Calibration Regularized Training of Deep Neural Networks using Kernel Density Estimation

29 Sep 2021  ·  Teodora Popordanoska, Raphael Sayer, Matthew B. Blaschko ·

Calibrated probabilistic classifiers are models whose predicted probabilities can directly be interpreted as uncertainty estimates. This property is particularly important in safety-critical applications such as medical diagnosis or autonomous driving. However, it has been shown recently that deep neural networks are poorly calibrated and tend to output overconfident predictions. As a remedy, we propose a trainable calibration error estimator based on Dirichlet kernel density estimates, which asymptotically converges to the true Lp calibration error.
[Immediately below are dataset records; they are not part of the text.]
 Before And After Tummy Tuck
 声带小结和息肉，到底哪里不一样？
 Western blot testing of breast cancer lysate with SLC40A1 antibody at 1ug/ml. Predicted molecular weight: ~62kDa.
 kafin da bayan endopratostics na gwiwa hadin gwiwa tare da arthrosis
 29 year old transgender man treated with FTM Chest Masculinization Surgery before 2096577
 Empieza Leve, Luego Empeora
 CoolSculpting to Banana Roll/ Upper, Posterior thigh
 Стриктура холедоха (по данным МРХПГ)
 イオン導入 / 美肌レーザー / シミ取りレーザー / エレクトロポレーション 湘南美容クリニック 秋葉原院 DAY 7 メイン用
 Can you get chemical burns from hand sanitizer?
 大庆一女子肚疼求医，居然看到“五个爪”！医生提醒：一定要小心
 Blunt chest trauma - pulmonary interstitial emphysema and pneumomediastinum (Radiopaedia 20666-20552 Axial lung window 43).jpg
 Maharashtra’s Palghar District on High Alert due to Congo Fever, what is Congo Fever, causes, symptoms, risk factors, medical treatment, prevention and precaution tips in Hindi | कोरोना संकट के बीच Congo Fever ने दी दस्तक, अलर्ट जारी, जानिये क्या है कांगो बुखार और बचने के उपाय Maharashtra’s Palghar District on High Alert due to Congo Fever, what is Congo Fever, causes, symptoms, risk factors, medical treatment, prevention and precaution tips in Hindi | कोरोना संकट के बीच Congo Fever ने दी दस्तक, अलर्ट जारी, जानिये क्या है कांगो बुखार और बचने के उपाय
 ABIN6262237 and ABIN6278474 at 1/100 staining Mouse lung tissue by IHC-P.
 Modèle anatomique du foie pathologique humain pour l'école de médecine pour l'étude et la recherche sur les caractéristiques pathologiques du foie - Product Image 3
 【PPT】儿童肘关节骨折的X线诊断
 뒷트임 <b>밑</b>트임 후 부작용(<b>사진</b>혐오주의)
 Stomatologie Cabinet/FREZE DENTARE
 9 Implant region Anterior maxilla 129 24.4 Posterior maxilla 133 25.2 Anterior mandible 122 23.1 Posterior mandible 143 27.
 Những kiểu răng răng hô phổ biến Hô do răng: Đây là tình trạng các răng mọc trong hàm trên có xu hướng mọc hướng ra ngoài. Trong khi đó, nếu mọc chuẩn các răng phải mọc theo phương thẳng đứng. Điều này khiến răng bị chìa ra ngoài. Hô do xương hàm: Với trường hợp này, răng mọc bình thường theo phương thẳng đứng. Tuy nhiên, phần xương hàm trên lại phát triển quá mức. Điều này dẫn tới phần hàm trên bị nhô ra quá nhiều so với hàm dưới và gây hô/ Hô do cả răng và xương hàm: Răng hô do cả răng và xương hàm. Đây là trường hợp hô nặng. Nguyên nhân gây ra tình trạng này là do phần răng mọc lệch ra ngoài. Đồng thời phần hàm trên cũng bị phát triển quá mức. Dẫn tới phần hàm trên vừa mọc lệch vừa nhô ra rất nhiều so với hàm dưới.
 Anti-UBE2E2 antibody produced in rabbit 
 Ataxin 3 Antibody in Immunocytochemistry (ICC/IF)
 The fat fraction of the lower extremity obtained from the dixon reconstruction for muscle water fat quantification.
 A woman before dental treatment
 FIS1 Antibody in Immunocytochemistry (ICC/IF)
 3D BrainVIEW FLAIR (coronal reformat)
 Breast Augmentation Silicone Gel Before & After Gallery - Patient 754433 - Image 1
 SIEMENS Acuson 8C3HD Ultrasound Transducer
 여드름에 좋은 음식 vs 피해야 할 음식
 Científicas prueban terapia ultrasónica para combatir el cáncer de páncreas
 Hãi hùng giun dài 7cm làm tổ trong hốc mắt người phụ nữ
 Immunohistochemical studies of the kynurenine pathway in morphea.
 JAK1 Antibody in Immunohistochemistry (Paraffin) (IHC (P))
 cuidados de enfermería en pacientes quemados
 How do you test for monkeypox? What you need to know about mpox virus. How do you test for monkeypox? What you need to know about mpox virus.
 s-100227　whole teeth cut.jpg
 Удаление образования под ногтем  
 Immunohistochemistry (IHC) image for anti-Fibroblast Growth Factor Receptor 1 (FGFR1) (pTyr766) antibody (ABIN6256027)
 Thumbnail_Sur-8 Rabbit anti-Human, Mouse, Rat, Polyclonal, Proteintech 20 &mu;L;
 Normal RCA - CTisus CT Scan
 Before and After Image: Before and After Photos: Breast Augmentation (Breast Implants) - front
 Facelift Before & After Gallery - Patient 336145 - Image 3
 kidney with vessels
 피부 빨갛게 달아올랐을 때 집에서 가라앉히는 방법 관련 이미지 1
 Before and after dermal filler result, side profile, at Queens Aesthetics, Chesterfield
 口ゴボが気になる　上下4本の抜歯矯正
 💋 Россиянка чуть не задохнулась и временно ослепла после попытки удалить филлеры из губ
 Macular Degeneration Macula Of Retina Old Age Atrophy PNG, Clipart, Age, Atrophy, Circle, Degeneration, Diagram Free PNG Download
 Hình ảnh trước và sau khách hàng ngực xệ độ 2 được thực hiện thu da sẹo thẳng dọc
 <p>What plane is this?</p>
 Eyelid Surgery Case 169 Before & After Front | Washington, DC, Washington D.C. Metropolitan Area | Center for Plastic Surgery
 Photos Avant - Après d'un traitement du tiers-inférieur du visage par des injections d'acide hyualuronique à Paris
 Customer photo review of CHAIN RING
This novel estimator enables us to achieve the strongest notion of multiclass calibration, called canonical calibration, while other common calibration methods only allow for top-label and marginal calibration. The empirical results show that our estimator is competitive with the state-of-the-art, consistently yielding tradeoffs between calibration error and accuracy that are (near) Pareto optimal across a range of network architectures. The computational complexity of our estimator is O(n^2), matching that of the kernel maximum mean discrepancy, used in a previously considered trainable calibration estimator. By contrast, the proposed method has a natural choice of kernel, and can be used to generate consistent estimates of other quantities based on conditional expectation, such as the sharpness of an estimator.